First, scaling up the current iPhone 4S 960×640 Retina display screen from 3.5-inch to 4.65-inch while keeping the same resolution would mean that the pixels per inch number would fall from 326ppi for the iPhone 4S to something in the region of 250ppi for a 4.65-inch screen.
That would be a huge drop in pixel density. It's unlikely that Apple would bump up the screen resolution to accommodate for the larger screen because this would introduce a whole host of scaling problems for existing apps.
Doubling the resolution of the iPhone's screen to 1920x1280 would make scaling easier. It's what Apple did when it went up to Retina display on both the iPhone and iPad. But it's highly unlikely that Apple could pull this sort of density off for the next incarnation of the iPhone. A screen like that would have a pixel density in the region of 500ppi, which would be incredibly dense.

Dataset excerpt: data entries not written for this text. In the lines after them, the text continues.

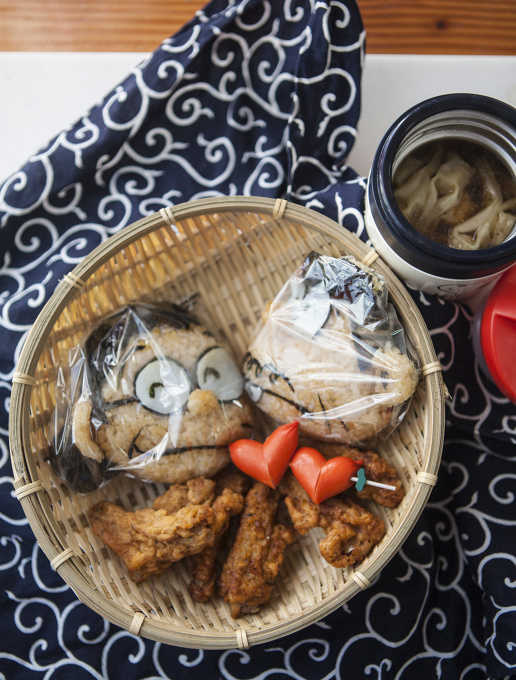 Matsuno Husband and Wife Bento < Osomatsu-san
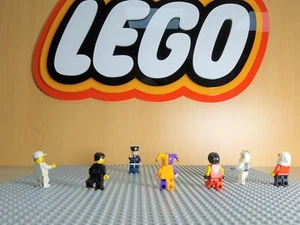 Limited Edition- Giant LEGO sign in eye-popping Perspex! - Picture 1 of 9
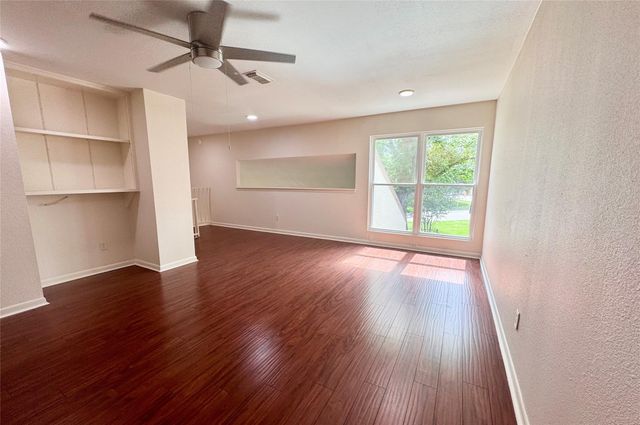 20313 Sunny Shores Drive B, Humble, TX 77346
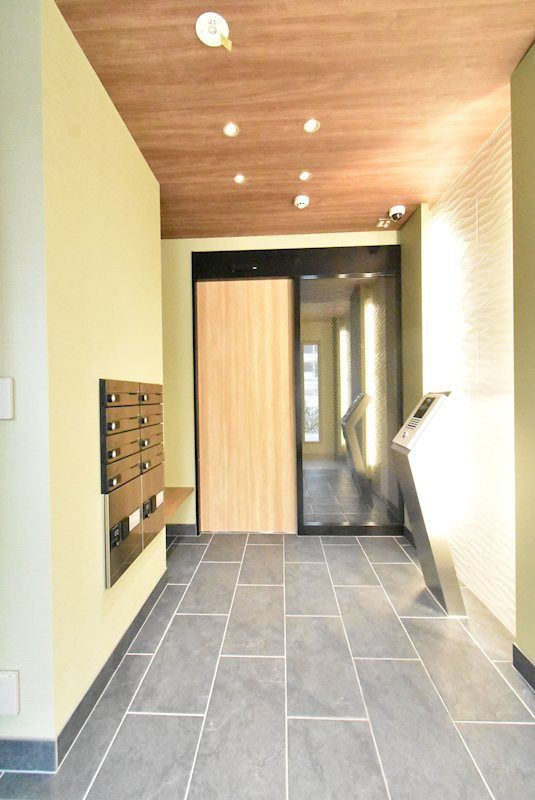 �y�G���g�����X�z�@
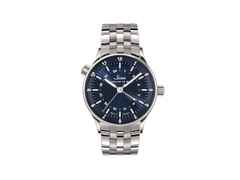 Sinn Spezialuhren 6060 B Frankfurter Weltzeituhr Automatik Edelstahl 38,5mm blaues Zifferblatt Metallband – Herrenuhren Uhr mit Datum aus Edelstahl und Leder. Das Gehäuse ist rund und silber. Das Edelstahlarmband ist silber. Das Zifferblatt ist arabisch Index und blau.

A bigger screen means a bigger iPhone, and I covered why this is a bad idea in a post last week.
Apple might be able to bump the screen size up a big - say to 3.75-inch or 4-inch in size - and stick with the current resolution, but both would mean a drop in pixel density compared to the iPhone 4S. Having said that, at around 300ppi and 280ppi respectively, the screen would have a higher density than the new iPad.
There's another killer reason why Apple doesn't need to mess with the iPhone's screen in that the device is selling phenomenally well with the current screen size. If people wanted a smartphone with a jumbo screen, they'd be buying them in preference to the iPhone. They're not. There's a valuable lesson contained in that observation.
Why mess with something that sells so well?